DATA SHOWN |

☆ ☆ ☆ ☆

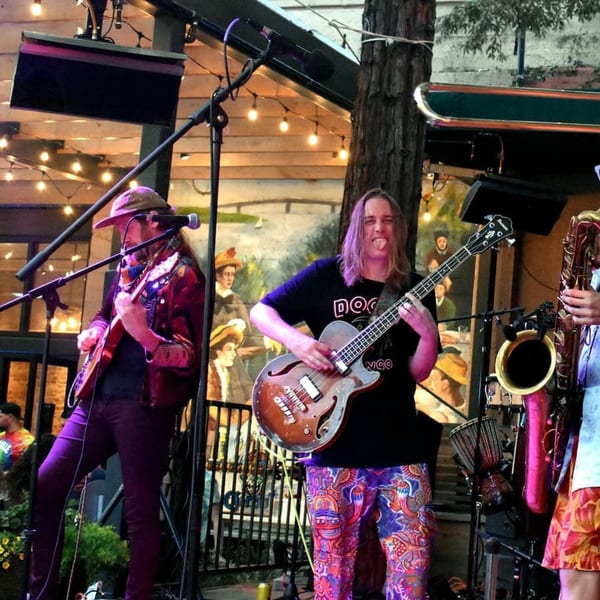 A band performs live on an outdoor stage with string lights and a mural in the background.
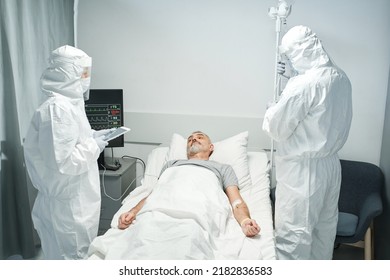 Two Medical Specialists Wearing Personal Protection Equipment Working With Patient In Infectious Disease Department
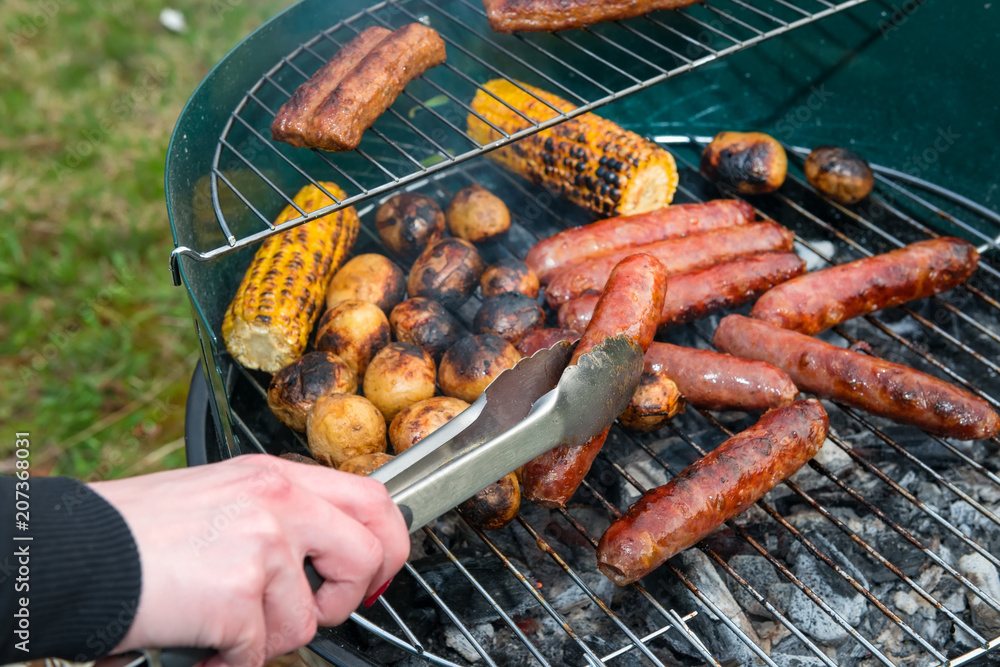 Baked potatoes, corn and sausages on a barbecue grill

☆ ☆ ☆ ☆

PROBLEM REQUIREMENTS | Give back the listing unchanged. Strip out the pictures.

TASK ANSWER |
 A band performs live on an outdoor stage with string lights and a mural in the background.
 Two Medical Specialists Wearing Personal Protection Equipment Working With Patient In Infectious Disease Department
 Baked potatoes, corn and sausages on a barbecue grill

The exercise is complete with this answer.